Under Trump's outline, the numbers would almost double to $12,000 and $24,000, respectively.
That's good news for anyone who chooses the standard deduction, which a majority of Americans do. It may also spur other people to stop itemizing altogether... especially in light of other possible changes that I'll get to in a minute.
First, however, it's worth pointing out that the benefit of increased standard deductions could be partially offset by Trump's desire to remove personal exemptions.
Those are the little boxes you check at the top of your 1040 form -- the ones that correspond to you, a spouse, and dependents.
For each box checked, you currently get $4,050.
That means a family of four would actually lose out on this particular combination of changes -- since four times $4,050 gives them $16,200 in personal exemptions or MORE than the $11,300 in extra standard deductions.
There is some talk of expanding child tax credits to somewhat move the needle back in the other direction for families though.
The upshot is that you may win a bit or lose a bit here. It will depend on whether you currently itemize... how much those deductions will be worth in future years... the size of your household... and other factors.
Idea #4: Eliminating Many Current Itemized Deductions
If you opt for Schedule A over the standard deduction, three of the biggest tax breaks you might claim are:
--State and local taxes -- you can deduct EITHER state income taxes paid OR state sales taxes paid PLUS property taxes
--Charitable donations -- you can deduct the value of money or property given to qualified organizations, up to 50% of your adjusted gross income in most cases (20% or 30% limits sometimes apply)

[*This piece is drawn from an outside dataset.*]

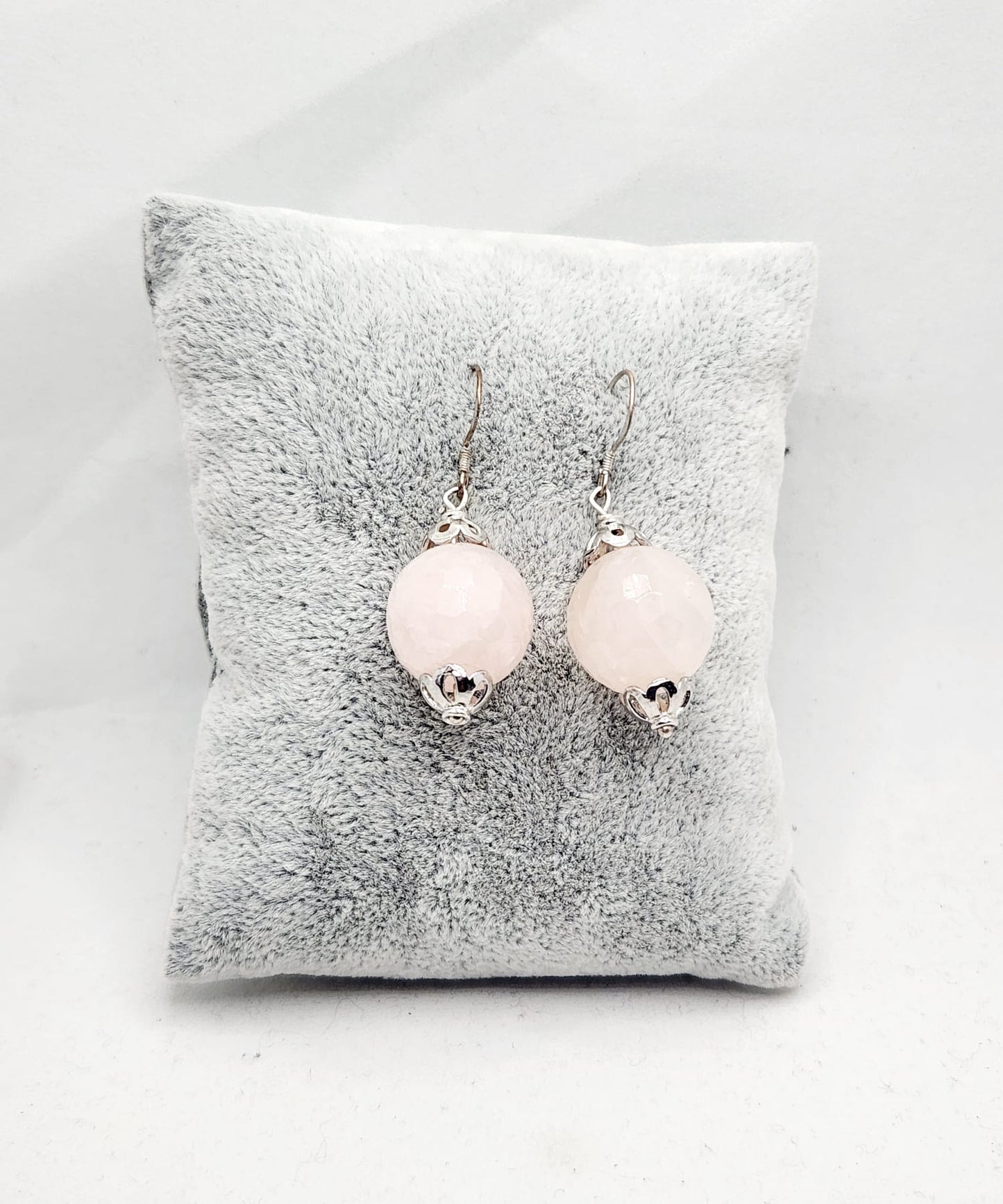 Rose Quartz Earrings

--Mortgage interest -- married taxpayers filing jointly can deduct the interest paid on up to $1 million in money borrowed on a home (or multiple homes); single filers can deduct interest on up to $500,000.
Originally, some experts thought Trump wanted to do away with all of these, and there were at least indications that mortgage interest was on the chopping block.
It now sounds like only local taxes could end up getting the boot. That would have a greater impact on higher earners as well as residents of higher-tax states.
However, there are also indications that lawmakers might compromise a bit further -- perhaps preserving the deduction for all but the highest-income households. For example, one current proposal would retain the deduction for households with adjusted gross income under $465,000 a year.
Idea #5: Eliminating Estate Taxes
This one is pretty simple.
Under current law, a federal "death tax" of 40% is applied to individual estates worth more than $5.49 million or double that for married couples.
Under Trump's plan this goes away, along with another related "generation skipping" tax on estates.
It currently sounds like gift taxes, which apply to money transfers among the living, would remain in place.
Idea #6: Eliminating The Alternative Minimum Tax (AMT)
Under Trump's plan, the AMT would also go away.
In case you are unfamiliar with it, the Alternative Minimum Tax was created to make sure ultra-wealthy Americans couldn’t use loopholes and deductions too aggressively. It is basically a second tax code that runs parallel to the standard set of rules as a check and balance.
But over the last couple decades, it has essentially become a labyrinth of twists and turns that is ensnaring more and more taxpayers... including many upper-middle income households.
This is partly because it wasn't indexed for inflation until 2013 and also because it doesn't reflect developments that have taken place since the last major overhaul in 1982.
As I said, there are still a lot of moving parts and a lot of tweaks going on behind closed doors.
But now you have a frame of reference to start with as more details emerge. And I will certainly do my part to get you that information as it's released over the next couple weeks.